The second was a bagpipe in G, based on late medieval and early renaissance pictures of pipes in England. There will be more information about this instrument too in the Resources section. I made quite a few of these during the 80s; they had a distinctive sound which can be heard on the early Blowzabella recordings.
As the result of the wish to make a more modern British instrument, and in answer to the need for a bagpipe with the flexibility to play a wider range of repertoire, in 1986 I introduced an English border-style bagpipe in G, which formed the foundation for the range of border pipes described on the Bagpipes page. It was in the same year that I was elected Honorary President of the Bagpipe Society.

In about 1992 I started the bagpipe trio Moebius with Judy Rockliff and Don Ward. David Faulkner subsequently took over from Judy.

In 1998 I founded the six pipes and percussion group Zephyrus for which I wrote the Halfe Hannikin Variations, and subsequently the English Suite.

I also perform in a duo with accordionist Becky Price, part of the focus of which is to explore little known English repertoire, particularly from the 17th and 18th centuries.

After leaving school I trained and worked as a lawyer, but I combined this with a semi-professional musical career, playing flute and saxophone in a wide range of orchestras, bands and groups in the south-west of England. Becoming interested in early music and seeing the possibility of making instruments for the developing early music world, I took a three-year full-time course in Early Woodwind Technology at what was then called London College of Furniture and obtained a Diploma in Early Woodwind Technology with Distinction. While there I met people playing folk music and helped to found Blowzabella which I am happy to say is still going strong. Playing with Blowzabella turned out to be a good advertisement for my instruments, which helped to get my order-book going. Over the years I have had the pleasure of working with various part-time assistants, especially Rod Nelson who started in the mid 80s and was with me for many years; later ones include Roger Frood, Dominic Allan and Jim Blackburn.

Mike York has been with me since 2000; although he has long passed the apprentice stage, our relationship feels more like a partnership than that of a master/apprentice.

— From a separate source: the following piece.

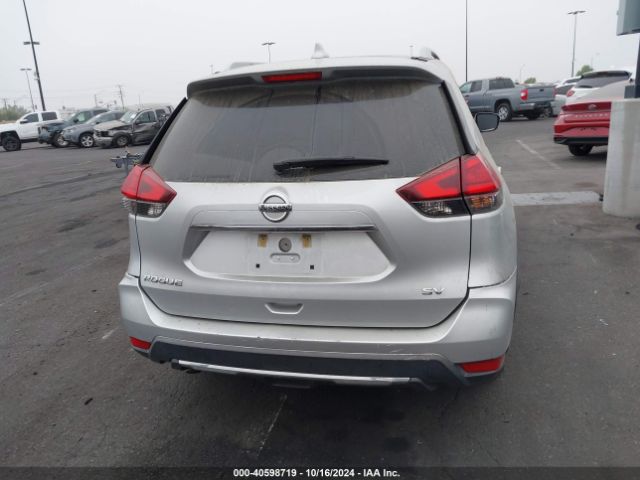 5N1AT2MT8HC818240 Nissan ROGUE SV
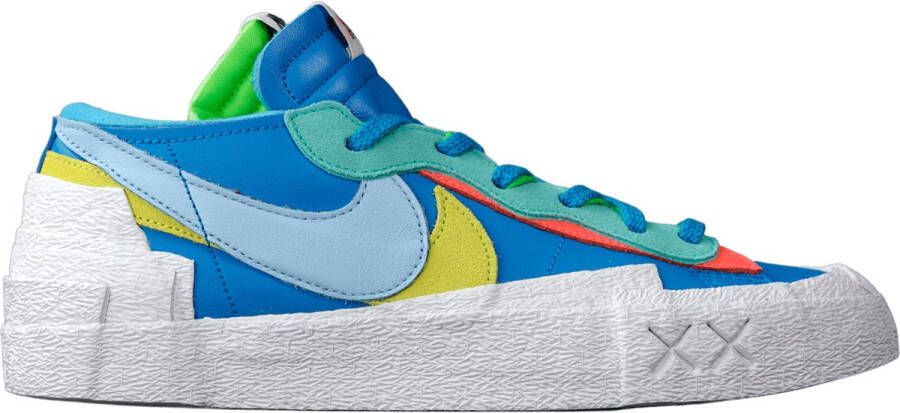 Nike Blazer Low sacai KAWS Neptune Blue DM7901-400 BLAUW Schoenen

Michael York works with Jon Swayne

Michael York

My instrument-making career started when I came to work with Jon in 1999, having two years previously bought a set of his student pipes. After university, where I studied music and composition, I joined my friends at home in a folk band playing flutes. The accordion player, John, and I became fascinated by bagpipes and he made as many recordings as he could of  pipes heard on late night programmes on Radio 3, including a lot of Bulgarian gaida music. Then I discovered Jon’s pipes and got a grant from a local trust to buy the set of student pipes. Me and my friend Jim Penny did a lot of travelling and busking, went to St Chartier and generally began to meet people involved in folk music and bagpipes. I became enthused with the idea of  learning how to make pipes; Jon took me on, and I've been working with him ever since.
I consolidated my interest in gaida music by making three trips to Bulgaria to meet

musicians and instrument makers and on one trip spent ten days staying and studying with master gaida player and maker Petko Stefanov. Following on from that I made some gaidas for my own use. The experience of making single reeds for them, led to an interest in the double chanter pipes of Greece and Turkey, and to making a range of single reed pipes including Boha, Swedish pipes, Tulum and Tsabouna for various professional musicians. I’ve also designed a three-drone smallpipe in D using the same fingerings as Jon’s border pipes, though of course with just a nine note range. If I had to sum up my approach to instrument making, I would say that it is very much bound up with the music I want to play, in the sense that the process of making music usually starts with designing or modifying the instrument on which the subsequent music is to be performed.